Competitively, I don’t think the emergence of Terra changes anything for Binance Smart Chain (BNB) or any of the other top POS chains like Cardano (ADA), Solana (SOL), Polkadot (DOT), etc. Each one has their own set of users and its own target market and users aren’t going to be jumping from one ecosystem to the other. While Terra is a clearly a very nice option, it is still a POA chain and POA will be always be lower valued than POS in the long run simply because POS tech is superior and more secure. I think there is a massive amount of Wall Street money coming and chasing everything POS and POA, so I don’t think over the next year any of these competitive considerations will matter. All L1s will be going up. In Binance’s case, CZ has an amazing mouse trap (I will be writing about Binance next) and it is very unlikely that his Chinese user base goes anywhere else. Binance users will be hanging on Binance Smart Chain and won’t be going anywhere. Cardano has its own set of users. Solana its own set. It’s a big world and there is space for everybody right now. If Terra only captures the South Korean market, it will do just fine. Terra’s core developers are in South Korea. I personally don’t like the Terra product mix – all of these synthetic assets and stablecoins in my opinion aren’t scalable. Institutions would rather hold actual digital US dollars than a synthetic dollar. They would rather hold tokenized stocks and commodities than synthetic stocks and commodities. While Terra may be a month or two early to market with WASM smart contracts I don’t think that gives it any long term advantage given its product selection. Maybe that will change, but I don’t see how Terra affects anything else.

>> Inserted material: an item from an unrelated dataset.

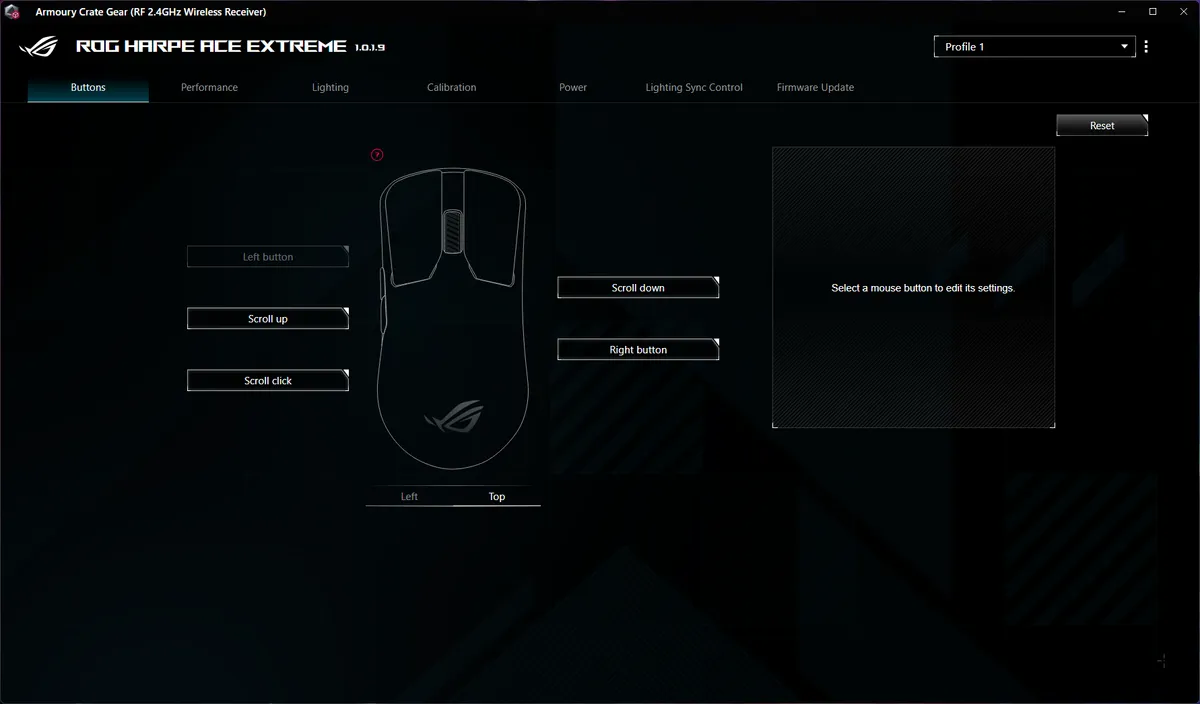 Asus ROG Harpe Ace Extreme 13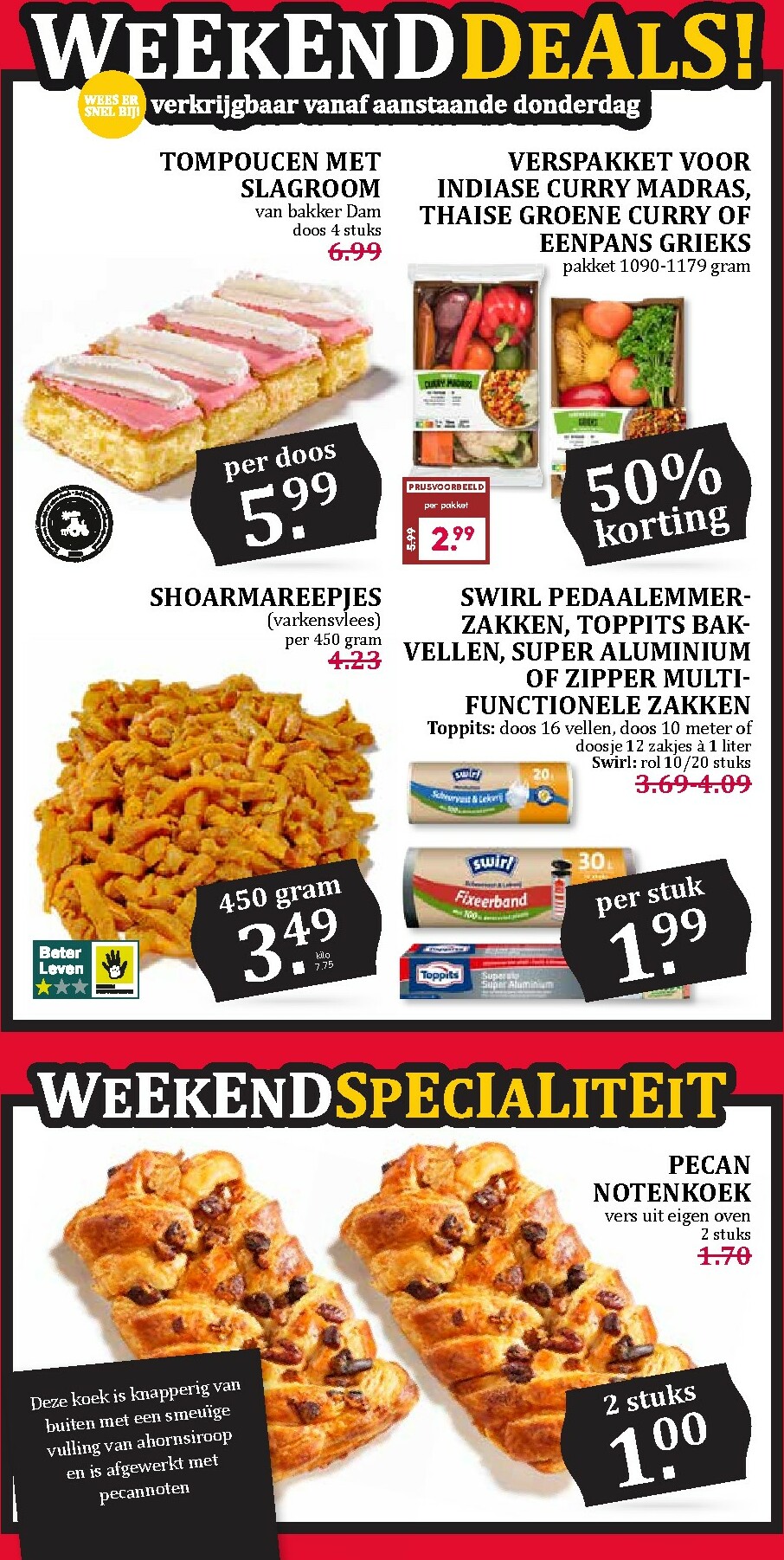 mcd - De MCD folder geldig vanaf 26-01 t/m 01-02 - page: 21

LUNA is definitely a viable bet and if you want to bet on it, I don’t think that is a place where you will lose money over the next 6 months to a year. $12 billion is still a fairly low market cap and that can clearly go up for a functional smart contract chain that has institutional fans like Mike Novogratz. However, in the long run I don’t think Terra beats out Solana, Polkadot or Cardano in total market cap. I think those will be dramatically bigger chains simply because they pack so many more features and have bigger communities. For some period of time, however, Terra could provide superior percentage returns due to its lower market cap starting point and implied reserve coin leverage. If crypto markets top out and turn down, LUNA is one of the first tokens you need to sell because everything in the ecosystem depends on it and if TVL leaves the ecosystem, LUNA as a reserve coin will lose value fast. You definitely have to keep that in mind and make sure you don’t overstay your welcome in it. LUNA can lose -80% in a matter of days given that it is the reserve coin for all of the synthetics in its system. You have to think of it as a highly leveraged play on Terra ecosystem TVL. Very small moves in TVL can have big percentage impact on LUNA. If you’ve noticed over the past year, Cardano has very low volatility compared to other chains. Why? Because it is not used as a reserve asset. With LUNA you have to expect the opposite – higher volatility compared to other chains because it is a reserve asset. The more USDC and actual collateral is used on a given L1, the lower the volatility of its token. The more the token is used as reserve for synthetics, the higher its volatility.